Le Monde : La notice du « Who’s who » de Maurice Papon signalait clairement sa longue carrière sous le régime de Vichy.
Valéry Giscard d’Estaing : Aucune campagne de presse n’avait été déclenchée contre lui et aucune plainte judiciaire déposée à son endroit. Les premières informations sur ses responsabilités sous l’Occupation ont été publiées en 1981, entre les deux tours de l’élection présidentielle.

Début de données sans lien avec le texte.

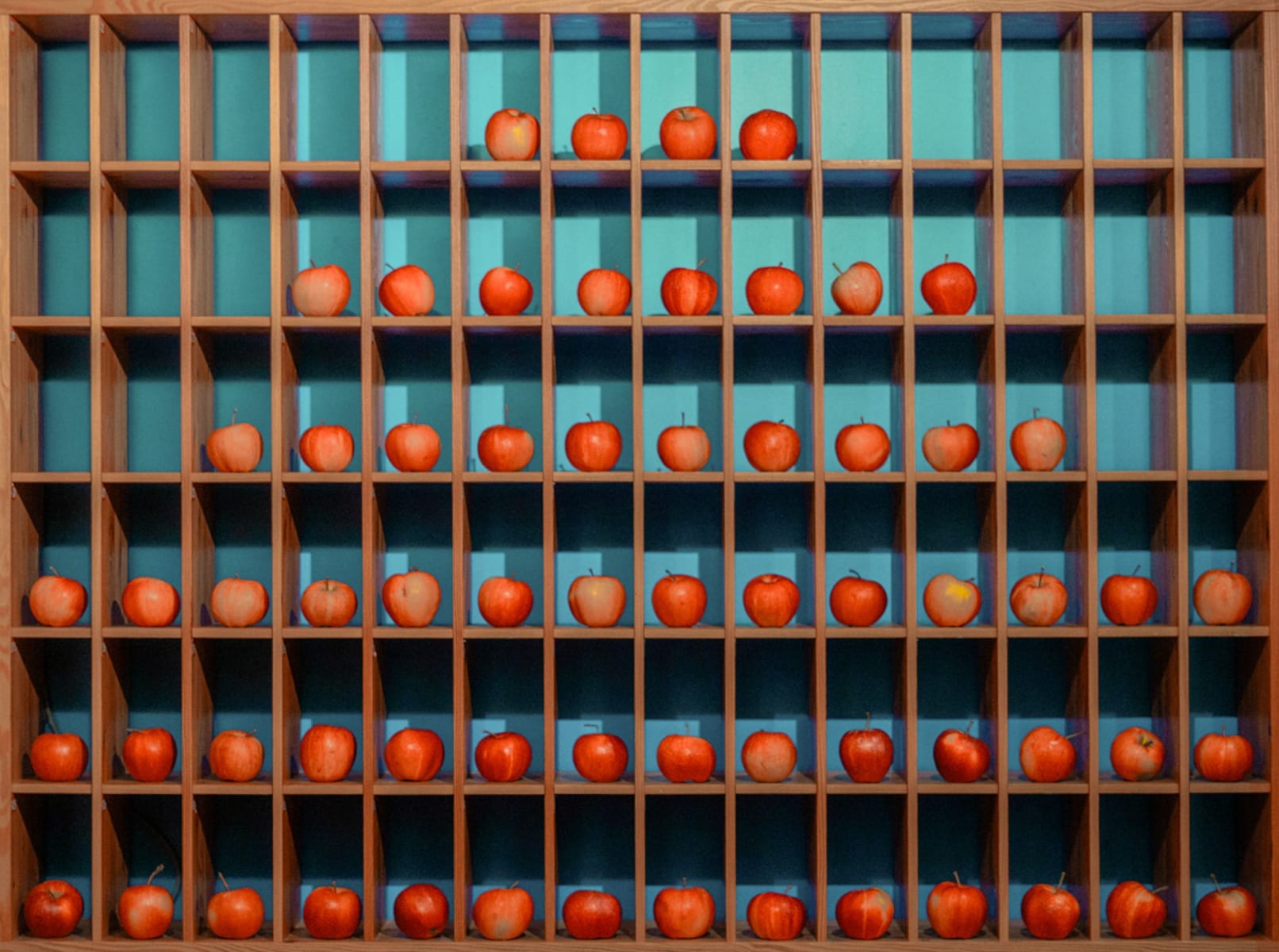 Apples arranged in shelves in a stylish room reminiscent of the Glemmtalerhof in Hinterglemm.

Le Monde : Une controverse est née en marge du procès de Maurice Papon. Philippe Séguin, président du RPR, s’est exclamé : Assez ! Assez ! Assez ! », en déplorant le procès qui serait fait au gaullisme. Le premier ministre, Lionel Jospin, a déclaré : « Jamais plus ! Jamais plus ! Jamais plus ! » Où va votre préférence ?
Valéry Giscard d’Estaing : Oui, sur ce point. Il y a aujourd’hui - ce qui n’était pas le cas il y a dix ou vingt ans – une attente, une sorte de curiosités des Français qui cherchent à comprendre ces évènements. Il faut leur dire des choses factuelles, incontestables.

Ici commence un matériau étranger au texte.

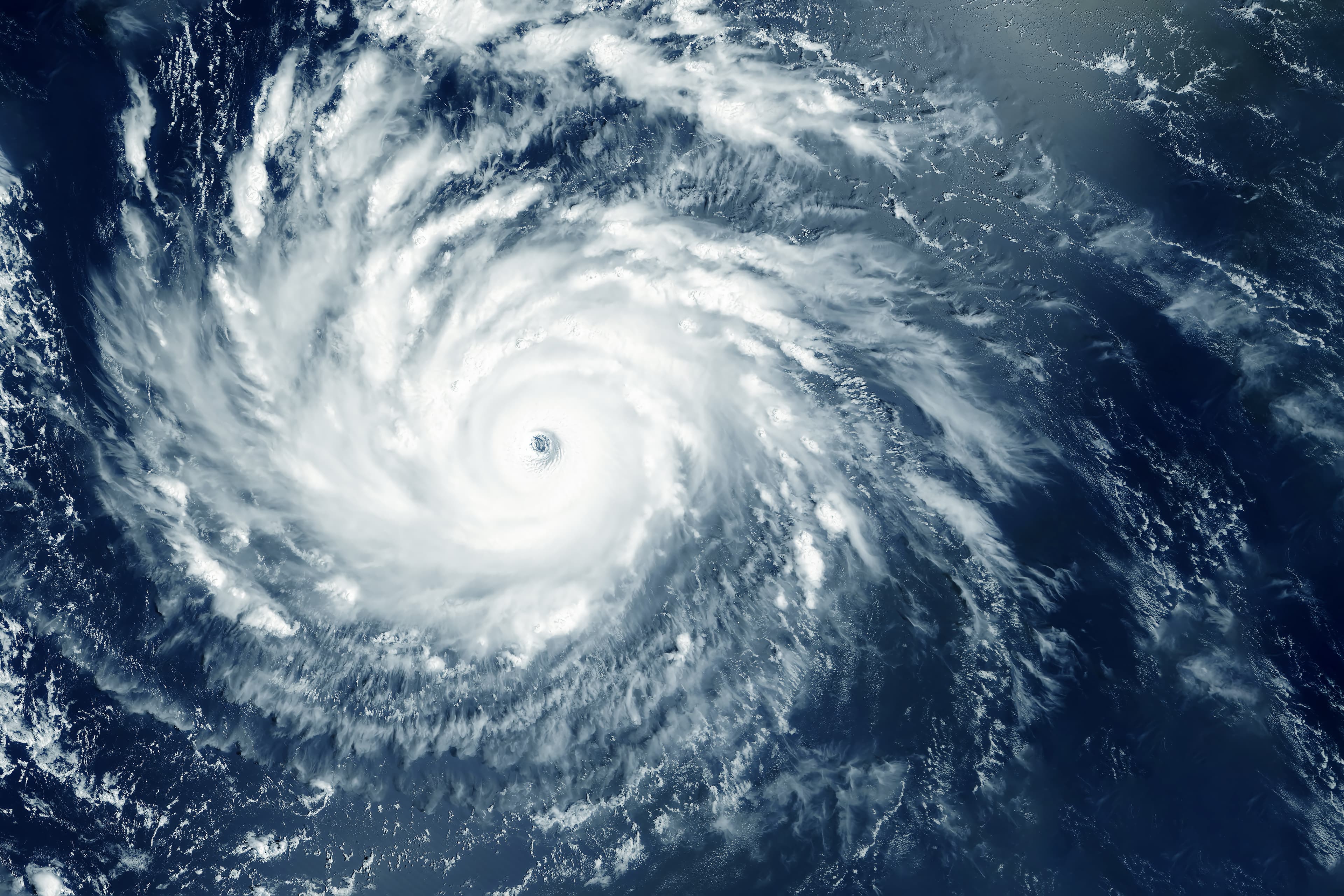 Satellite view of a cyclone forming over the ocean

Le Monde : Quelles réflexions vous suggèrent les réactions des Français par rapport à leur histoire ? N’avez-vous pas le sentiment d’une mémoire blessée ?

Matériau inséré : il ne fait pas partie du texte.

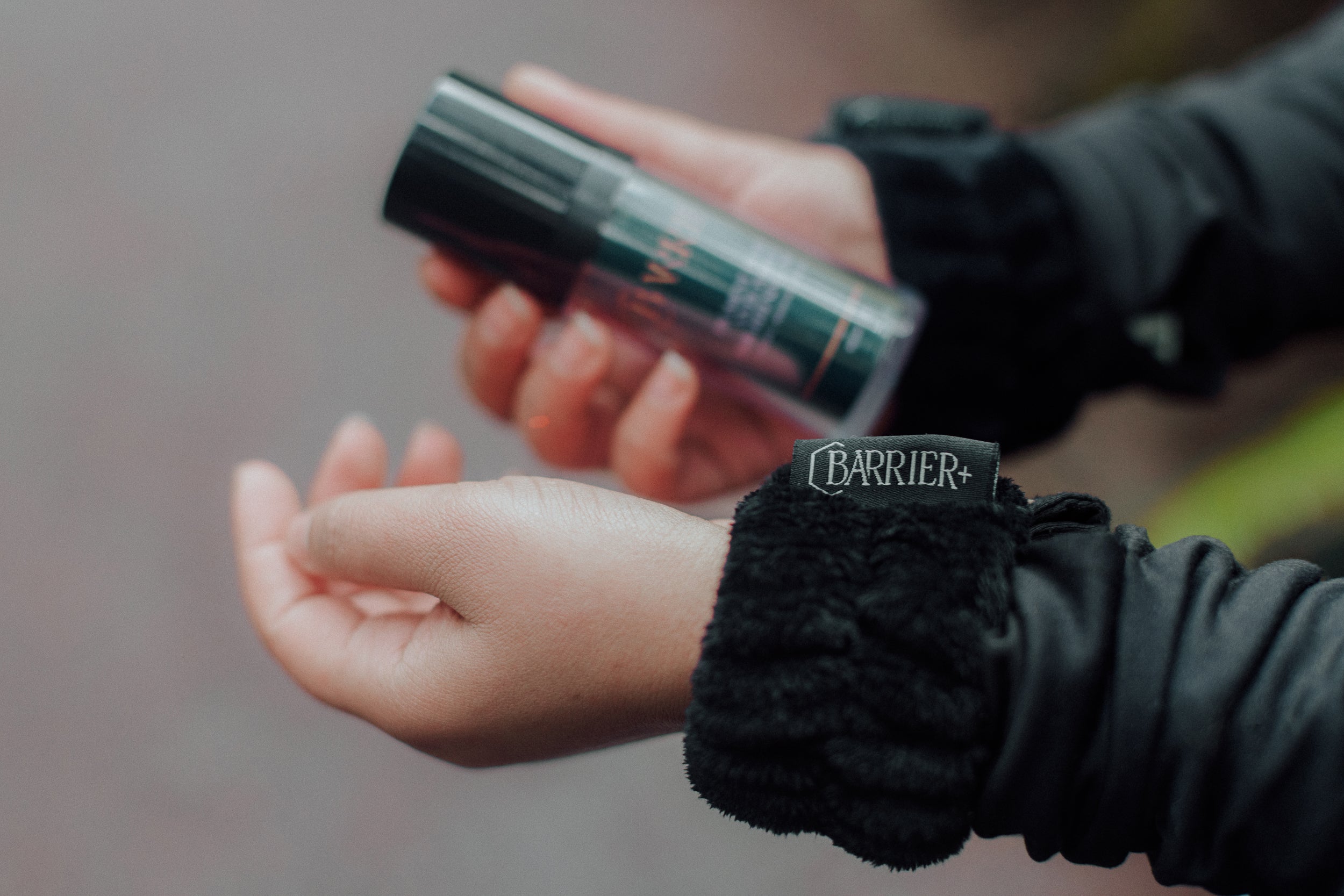 Black wrist band with name Barrier Plus on it and a bottle of Barrier Plus Skincare Serum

Valéry Giscard d’Estaing : Le peuple français est un peuple qui accepte très difficilement la vérité. Personne ne parle de la défaite militaire de 40 ou si peu. On ne cherche pas trop à la décrire, ni à en discerner les raisons, ou à en rechercher les responsabilités. Dans un autre ordre d’idées, les Français ont mal supporté que je leur rappelle notre faiblesse démographique : seulement un Français pour 100 citoyens de la Terre dans les années 70. De même, leur est-il difficile d’admettre que la France est devenue une puissance moyenne. Les Français n’acceptent pas les échecs, ils tentent de les nier, en appellent à la fatalité, à de mystérieuses conjurations. Mais il reste une blessure. Le mensonge, c’est une blessure cachée.
Cette mémoire blessée à propos de l’Occupation s’explique pour deux raisons. D’abord, par l’humiliation épouvantable de la défaite et ses conséquences. Nous n’avions jamais été occupés ainsi. Nous avions connu dans notre histoire, en 1815 et en 1871, des armées qui venaient sur notre sol mais qui en repartaient aussi vite. Jamais pour cinq ans. Ensuite, dans cette blessure, il y a sûrement une interrogation angoissée : les Français ont-ils manqué d’esprit de solidarité à l’égard de nos compatriotes juifs ? Nous avons tout intérêt à dire la vérité. Les décisions d’arrestation et de déportation étaient allemandes, mais elles ont été souvent exécutées par des services français. Ces agents d’exécution n’auraient jamais dû obéir à ces ordres, dès lors lorsqu’ils en mesuraient les conséquences.
C’est au milieu universitaire, aux historiens et aux juges d’énoncer cette vérité, plus qu’au milieu politique, tenté de chercher une posture qui l’avantage.